What is Stein’s innovative secret? Continually monitoring Google’s ranking system to try to break its code for rising to the top of the list when someone searches for your type of product.
“The most humbling thing [in Internet marketing] is the SEO [Search Engine Optimization – i.e. rankings] game. Google continues to humble me, because they will make sudden algorithmic changes month by month,” he says. “You have to reverse engineer what you think it is they now like.”
Gillian Hotz, PhD
Concussion Treatment Pioneer
The University of Miami Sports Medicine Institute’s Dr. Gillian Hotz is a national leader in the diagnosis, treatment, and research of concussions, a growing area of concern for professional and amateur athletes. With an increasing numbers of professional football players suffering longterm brain damage from concussions, Hotz has made it her vocation to advance awareness – and treatment – for these blows to the head.
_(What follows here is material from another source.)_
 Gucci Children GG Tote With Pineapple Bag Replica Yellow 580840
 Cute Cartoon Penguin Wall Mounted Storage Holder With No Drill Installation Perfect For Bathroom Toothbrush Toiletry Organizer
Mostly, she says, her job is educational – to make coaches understand that nothing could be worse than sending a player with a concussion back into the fray. “Concussions are treatable,” she says. “Right now, the best way is to treat the symptoms. The thing you don’t want to do – and what ends up being the problem, with long term consequences – is to have this injury and continue to play and have other concussions. This is when the danger really unfolds itself.”
For the last five years, Hotz has been running UM’s Countywide Concussion Care program for public schools, instructing the school board’s athletic trainers, and setting up baseline tests for some 5,000 student athletes so they can later be re-tested for concussions. She also works with the Miami Dolphins Foundation. Her team is now conducting innovative research on concussion treatment with cannabidiol, a pain relief chemical found in medical marijuana.
“I definitely feel kids should play contact sports, but we should be improving safety,” she says. “There’s nothing better for a kid than playing team contact sports.”